Twilio is a software company based in San Francisco, CA that empowers business communication through its voice, video, messaging and two-factor authentication services. Developers from companies such as Netflix, Airbnb, Lyft, and Intuit use Twilio’s cloud API to build complex communication systems that are embedded into web, mobile and desktop platforms.
With 50,000+ customers on the Twilio platform, plus hundreds of millions of end-users interacting with Twilio’s services on a regular basis, the company’s number one objective is to build trust.
“Developers and end-users have to rely on us to provide communications at scale, but also to provide highly resilient communications,” says Tyler Wells, Director of Engineering: WebRTC/SDKs at Twilio. “We have banks and customer service companies building communication using Twilio, customer service, but also nonprofits utilizing us for things like a suicide prevention hotline. Our services have to be up and available all the time.”
To maintain this trust, Twilio focuses heavily on providing and measuring operational excellence across all of its teams, services and products. A few years ago, at SIGNAL, Twilio’s annual developer conference, it announced the Operational Maturity Model or OMM, a framework that personifies operational excellence across a number of dimensions, from operations to build and test to security. To achieve “Iron Man” status, the highest level in the OMM, all teams must check off a number of criteria – including the implementation of Rollbar.

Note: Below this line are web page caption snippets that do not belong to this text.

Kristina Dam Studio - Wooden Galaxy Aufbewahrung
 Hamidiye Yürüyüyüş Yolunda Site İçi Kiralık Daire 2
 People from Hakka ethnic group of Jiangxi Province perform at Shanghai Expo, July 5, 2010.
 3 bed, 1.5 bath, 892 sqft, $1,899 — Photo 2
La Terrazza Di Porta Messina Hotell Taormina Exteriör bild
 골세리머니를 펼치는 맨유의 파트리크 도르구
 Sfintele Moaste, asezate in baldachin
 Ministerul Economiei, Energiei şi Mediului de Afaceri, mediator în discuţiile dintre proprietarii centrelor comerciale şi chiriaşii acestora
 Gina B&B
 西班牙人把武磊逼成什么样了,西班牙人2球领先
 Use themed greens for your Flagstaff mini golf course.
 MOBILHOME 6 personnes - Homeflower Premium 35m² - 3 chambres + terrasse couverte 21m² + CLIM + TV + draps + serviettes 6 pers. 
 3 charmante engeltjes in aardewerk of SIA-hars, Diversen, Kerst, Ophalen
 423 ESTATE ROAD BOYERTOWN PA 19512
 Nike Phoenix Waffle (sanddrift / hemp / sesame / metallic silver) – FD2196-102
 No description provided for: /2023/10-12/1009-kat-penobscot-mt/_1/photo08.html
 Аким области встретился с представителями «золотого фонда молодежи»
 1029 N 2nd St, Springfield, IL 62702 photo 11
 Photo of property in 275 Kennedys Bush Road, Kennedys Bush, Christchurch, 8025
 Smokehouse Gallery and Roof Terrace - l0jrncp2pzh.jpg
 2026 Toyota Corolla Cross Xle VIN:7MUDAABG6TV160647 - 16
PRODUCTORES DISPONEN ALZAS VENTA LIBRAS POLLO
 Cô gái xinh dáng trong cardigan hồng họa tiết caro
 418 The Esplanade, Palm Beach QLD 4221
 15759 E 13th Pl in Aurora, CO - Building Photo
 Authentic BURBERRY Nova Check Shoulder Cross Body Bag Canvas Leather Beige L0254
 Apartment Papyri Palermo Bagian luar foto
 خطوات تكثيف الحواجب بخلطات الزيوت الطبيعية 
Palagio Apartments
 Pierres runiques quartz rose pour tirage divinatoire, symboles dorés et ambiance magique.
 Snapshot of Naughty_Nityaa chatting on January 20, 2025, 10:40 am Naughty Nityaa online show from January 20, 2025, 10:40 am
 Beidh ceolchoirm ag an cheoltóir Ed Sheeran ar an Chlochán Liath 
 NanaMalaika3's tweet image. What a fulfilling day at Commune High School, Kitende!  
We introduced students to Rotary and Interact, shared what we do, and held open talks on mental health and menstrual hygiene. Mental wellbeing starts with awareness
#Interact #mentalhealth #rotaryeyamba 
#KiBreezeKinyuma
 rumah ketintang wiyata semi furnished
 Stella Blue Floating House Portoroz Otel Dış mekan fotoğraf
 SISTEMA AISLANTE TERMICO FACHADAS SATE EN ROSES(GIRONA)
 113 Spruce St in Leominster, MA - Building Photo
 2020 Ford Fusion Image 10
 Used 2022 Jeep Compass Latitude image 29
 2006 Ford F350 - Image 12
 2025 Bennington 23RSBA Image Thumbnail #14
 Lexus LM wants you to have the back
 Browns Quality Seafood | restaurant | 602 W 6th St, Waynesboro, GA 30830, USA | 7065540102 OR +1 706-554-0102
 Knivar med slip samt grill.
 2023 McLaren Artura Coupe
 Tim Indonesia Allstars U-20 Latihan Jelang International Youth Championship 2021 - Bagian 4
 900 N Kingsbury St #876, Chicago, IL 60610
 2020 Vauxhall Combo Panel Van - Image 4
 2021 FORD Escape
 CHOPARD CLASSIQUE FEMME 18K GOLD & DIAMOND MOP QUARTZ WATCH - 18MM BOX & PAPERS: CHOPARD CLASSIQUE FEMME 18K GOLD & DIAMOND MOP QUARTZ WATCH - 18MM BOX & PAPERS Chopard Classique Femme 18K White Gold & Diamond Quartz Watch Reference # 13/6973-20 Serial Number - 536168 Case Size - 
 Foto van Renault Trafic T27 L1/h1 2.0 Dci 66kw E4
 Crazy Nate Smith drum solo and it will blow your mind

Twilio runs a large number of distributed systems over multiple AWS instances. Teams are shipping code continuously multiple times a day. As a result of running such a large-scale operation in the cloud, errors are part of the equation. Before Rollbar, the typical way for engineers to deal with errors was to log into a box or aggregate logs across multiple services to pinpoint the issue. This was time-consuming, frustrating and didn’t always provide the directional visibility to solve problems.
After learning about Rollbar in 2014, Tyler and the WebRTC/SDKs team decided to try it out to see if it would provide a better way to track and manage errors. They immediately noticed the benefits of having a tool programmatically trap these exceptions and provide rich error data in a dashboard.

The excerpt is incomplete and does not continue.